Ma tête commence à dodeliner sur mon épaule, mon corps à s'affaisser, et j'ai à peine le temps de la voir se précipiter vers moi avant de me recevoir une gifle magistrale. Et aussi incroyable que ça puisse paraître, cette claque violente arrive à me maintenir hors de l'eau.
- Tu vas m'écouter attentivement, d'accord ? me crie-t-elle, si près de moi que je sens le souffle de ses cheveux qui s'agitent. On est là, d'accord ? Je ne te laisserai pas tomber. Tu as défendu 36, c'est à moi de te rendre la pareille ? Je vais te dire tout ce que je sais, tout ce dont je me souviens. Tu n'auras aucune surprise en arrivant là-bas, je te le promets. Tu seras préparée.
Mais les effets de son coup commencent déjà à s'estomper.
- Allez, reste avec moi... avec nous. Je sais qu'on ne se connaît pas beaucoup mais je te jure que je ferai tout ce que je peux pour rendre tout ça moins difficile.
Ses lèvres s'agitent si vite... On dirait qu'elle a trop de choses à dire pour une vitesse de diction humaine.
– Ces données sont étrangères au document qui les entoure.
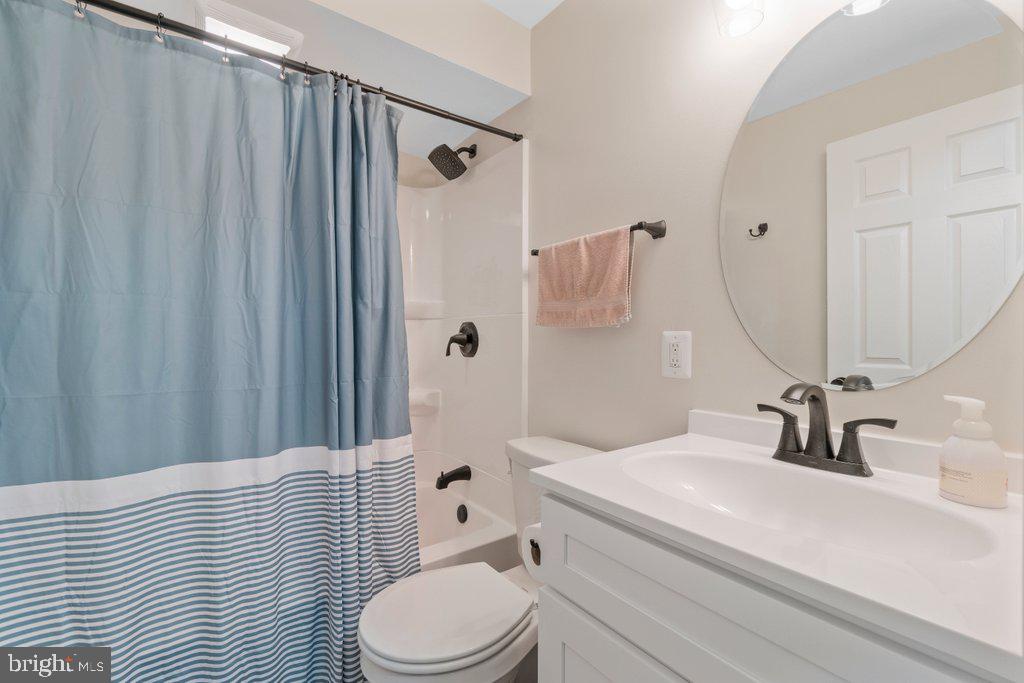 WINTERS RUN MANOR - Residential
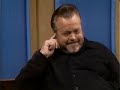 Orson shmoozes about Winston Churchill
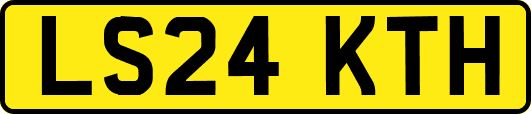 LS24KTH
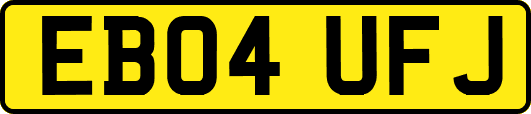 EB04UFJ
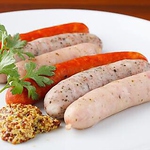 ワイン&魚 イタリアン Barry's バーリーズの写真ギャラリー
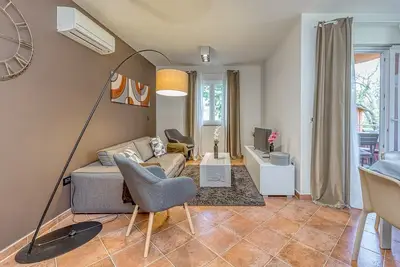 Image de Apartment Terra - Rovinjsko Selo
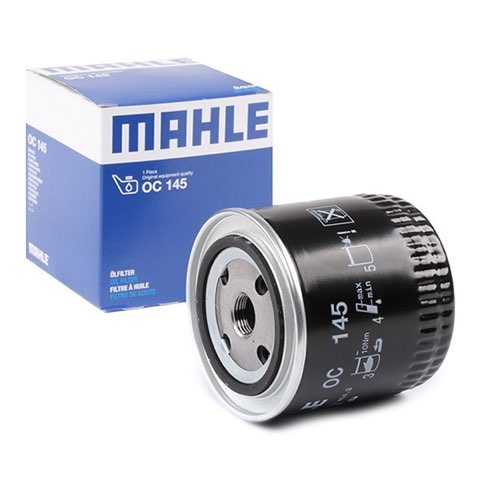 Mahle OC 145 Oil Filter, photo 2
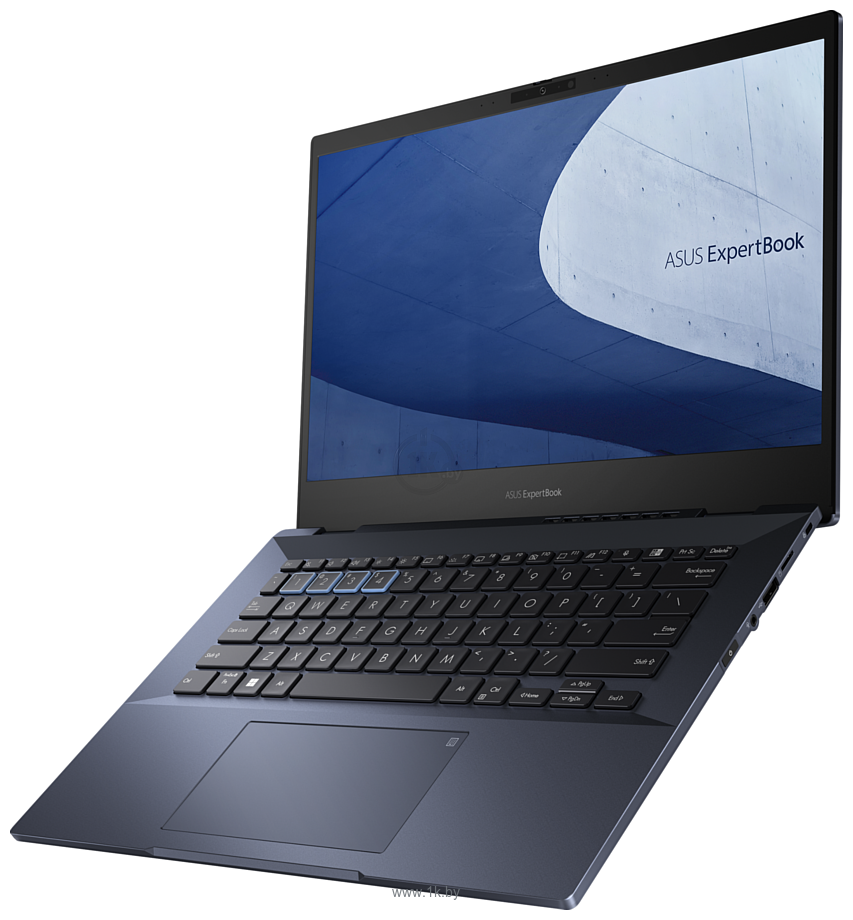 Фотографии ASUS ExpertBook B5 B5402CBA-KI0634X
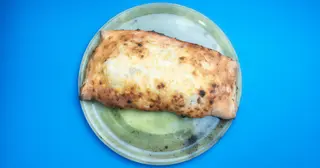 Vestita (calzone) gluten free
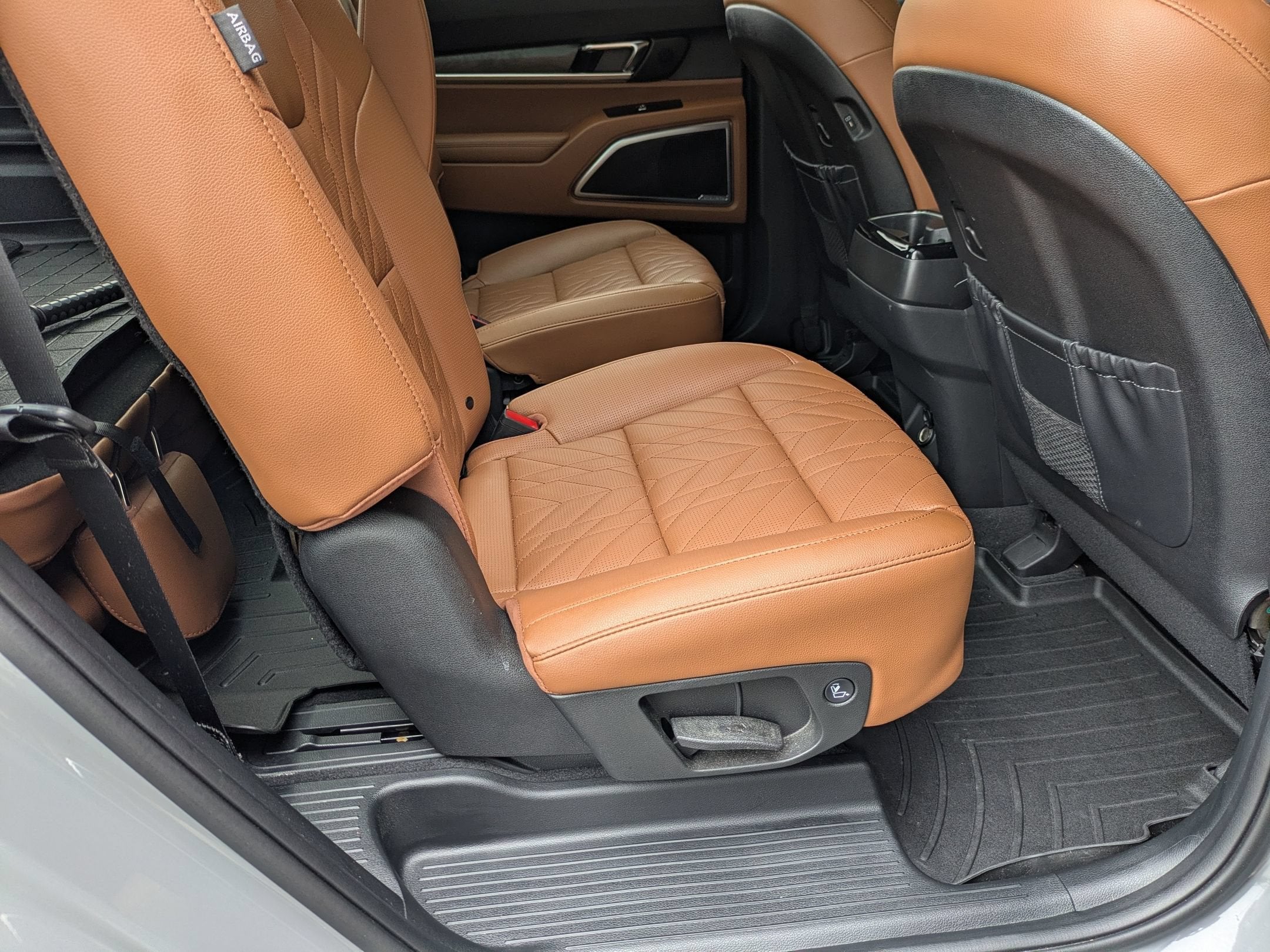 2024 Kia Telluride SX X-Pro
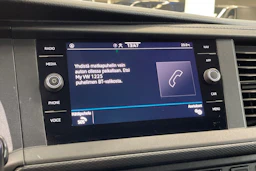 valkoinen Volkswagen Transporter 2020 kuva 27.
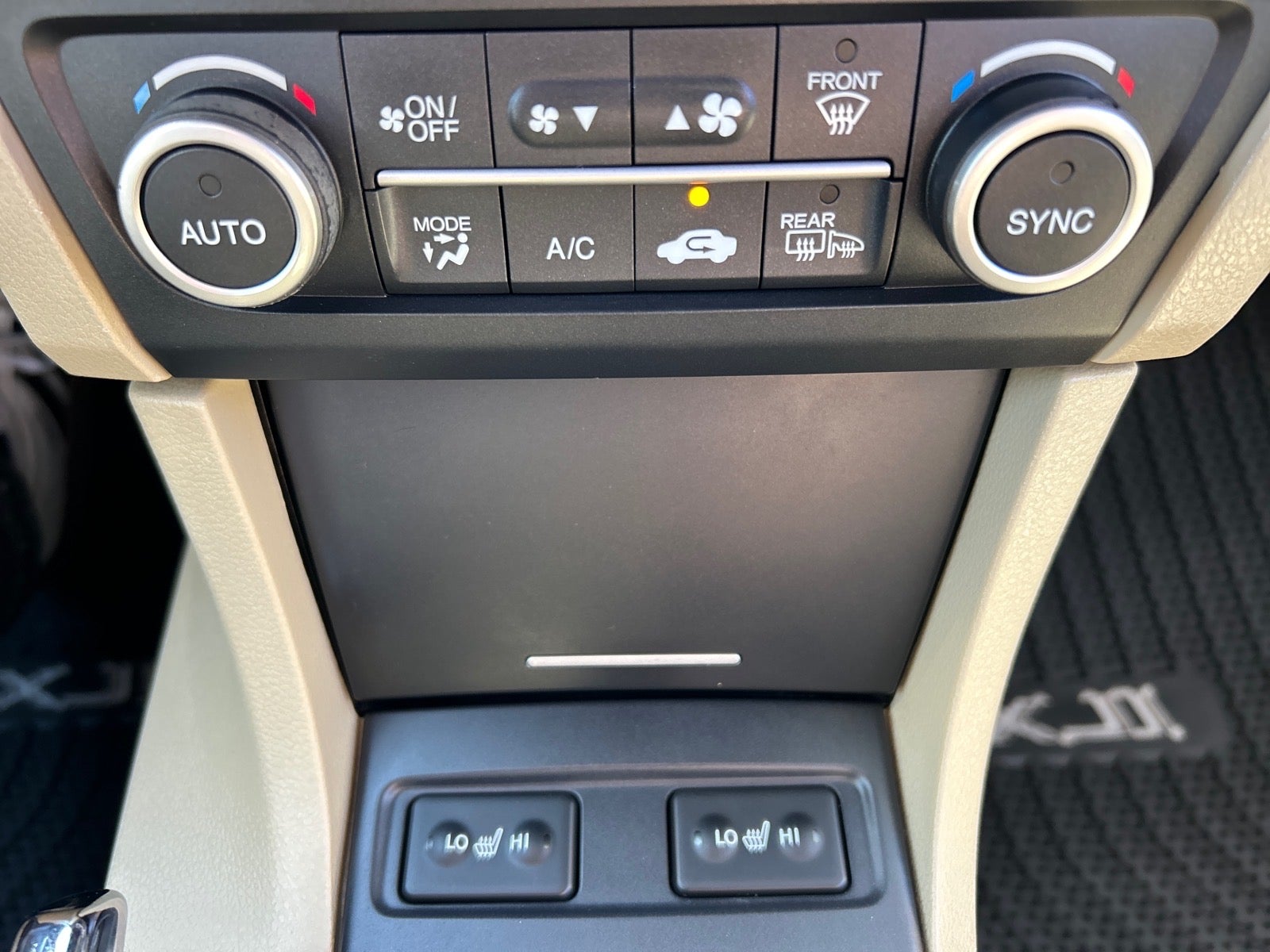 2018 Acura ILX Premium Package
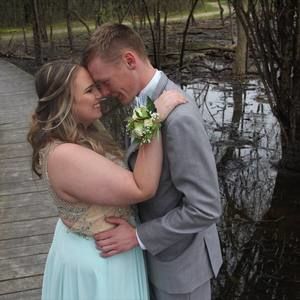 Meet your Posher, Jordan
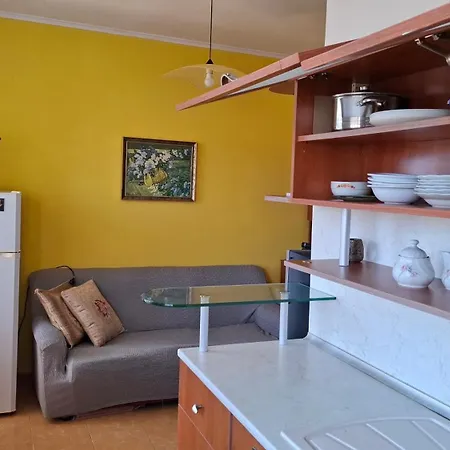 Apartament Lily's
C'est comme si les idées lui venaient plus vite que les paroles, qu'elle essayait tout de même de tout dire mais qu'elle était noyée.
- 97, tu ne peux pas les laisser gagner. Relève-toi. Ne les laisse pas t'abattre encore une fois.
Les derniers mots d'Alyzée achèvent de me sortir de ma torpeur, bien plus efficacement que sa gifle de tout à l'heure. Combien de fois faudra-t-il que je tombe pour pouvoir me relever avant de toucher le sol ?
Elle a raison, tellement raison! Ce n'est pas le moment de flancher. Je me redresse tout en reprenant mes esprits petit à petit. Demain. Demain. Oui, le bal va avoir lieu dans un peu plus de vingt-quatre heures, et oui je serai forcée d'y aller... mais je ne serai pas seule. Alyzée, et indirectement Shaïma, qui me couve de son regard plein de passion, me l'ont promis. J'arriverai à surmonter cette nouvelle épreuve, grâce à elles, avec elles. Du moins jusqu'à ce que nous soyons obligées de nous séparer.
Mais ce n'est p as le plus important. Le plus important, c'est ce que je viens de réaliser.
Une occasion.
Voilà ce qui se présente vraiment à moi.
Une occasion de me retrouver seule à seule avec un membre haut placé du Gouvernement ou de l'armée, dans tous les cas quelqu'un qui connaît l'emplacement du CCP.
Et j'ai bien l'intention de profiter de ce bal pour séduire le politique le moins expérimenté et le plus apte à remplir mes attentes. Même si cette pensée me dégoûte et me donne envie de vomir, même si je sens déjà les spasmes agiter mon corps à l'idée de mettre en pratique ma décision, il n'est pas question que je recule. Pour une fois, mon physique si plein de défauts au regard de certains hommes, mais en même temps si séduisant pour d'autres, va me servir à quelque chose, puisque c'est grâce à lui que je vais extorquer les informations que je suis venue chercher.
Je me promets que ce bal sera le dernier auquel j'assisterai.
Je me promets de sortir d'ici d'ici deux mois.